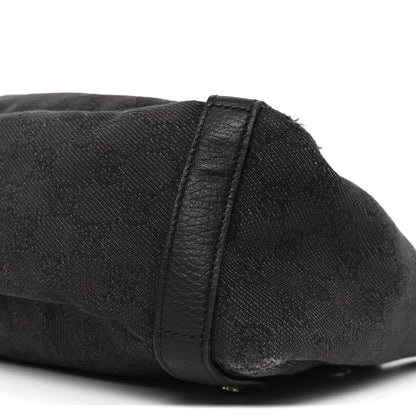 Gucci Monogram Denim Medium Abbey Shoulder Bag Black 10 of 10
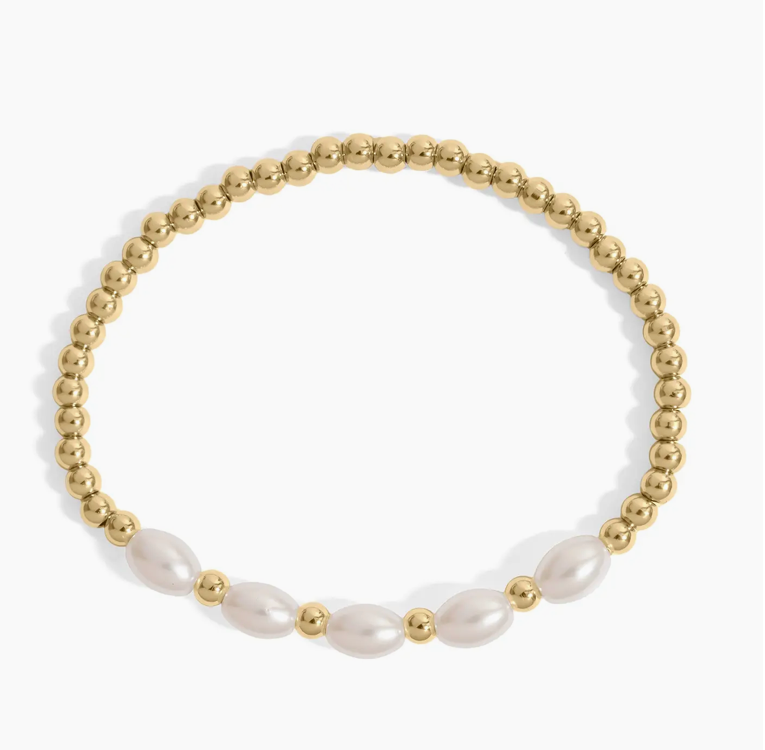 Gold Pearl Bracelet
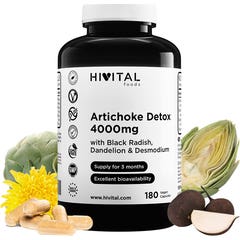 HIVITAL Alcachofa Detox 4000 mg 180 cáps
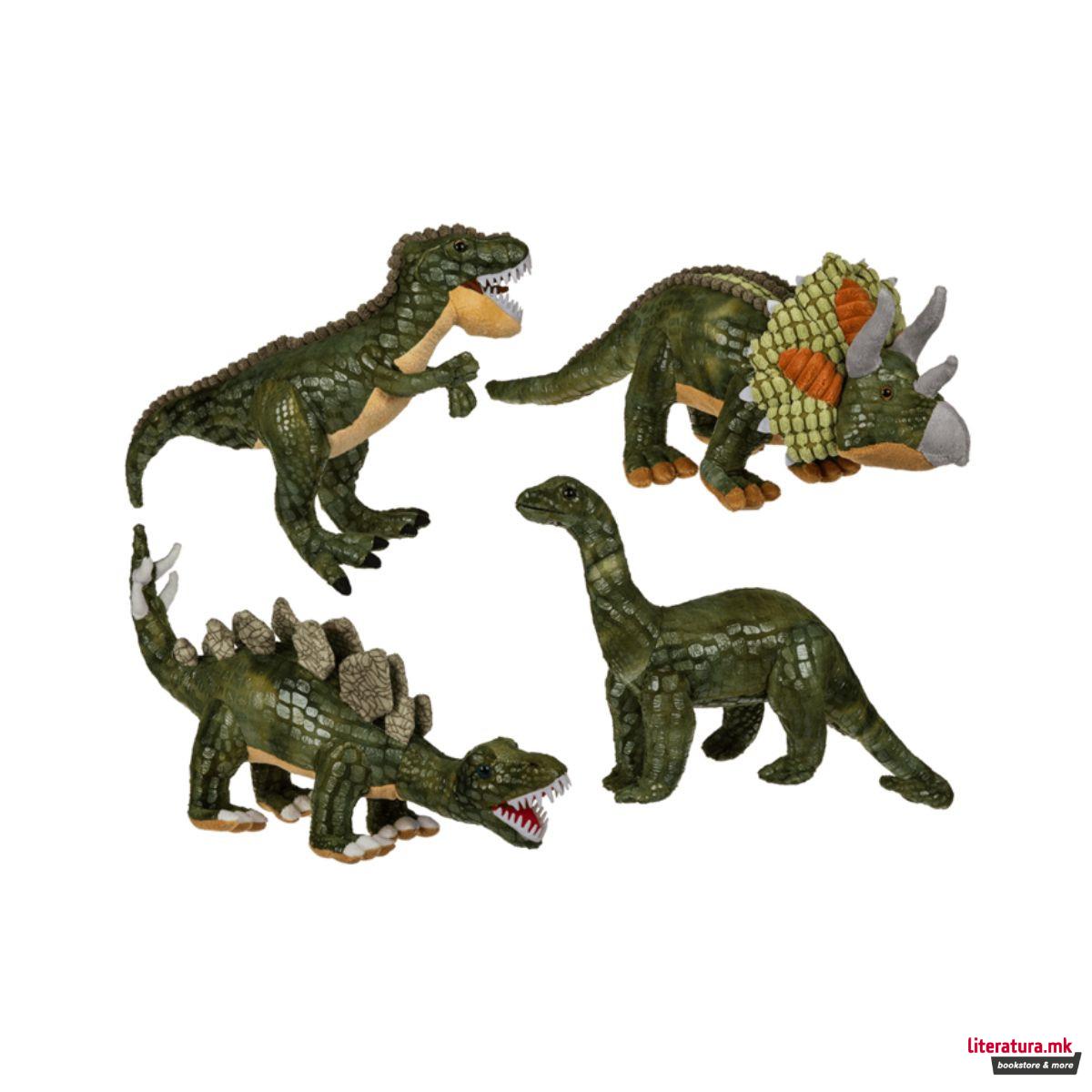 Плишана играчка - Диносаурус, 4 дизајни 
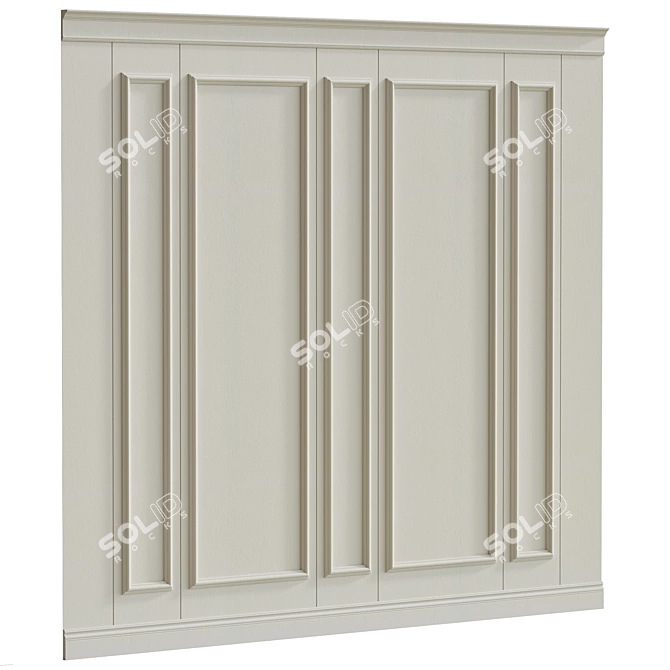 Decorative Plaster & Moulding Panel 3D model image 2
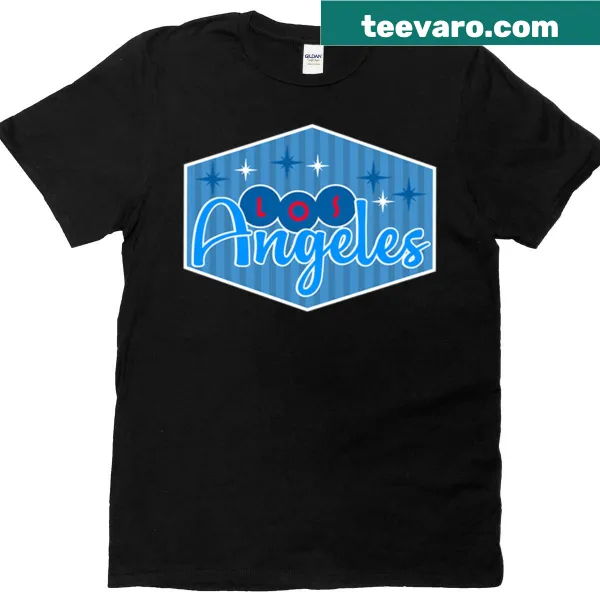 Vintage-style T-shirt featuring an Art Deco sign design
= = =
- Directions for this task
Write out word for word every line from the line with "HIVITAL Alcachofa Detox 4000 mg 180 cáps" through the final line of the records, both included, skipping the pictures.

- Exercise result
 HIVITAL Alcachofa Detox 4000 mg 180 cáps
 Плишана играчка - Диносаурус, 4 дизајни 
 Decorative Plaster & Moulding Panel 3D model image 2
 Vintage-style T-shirt featuring an Art Deco sign design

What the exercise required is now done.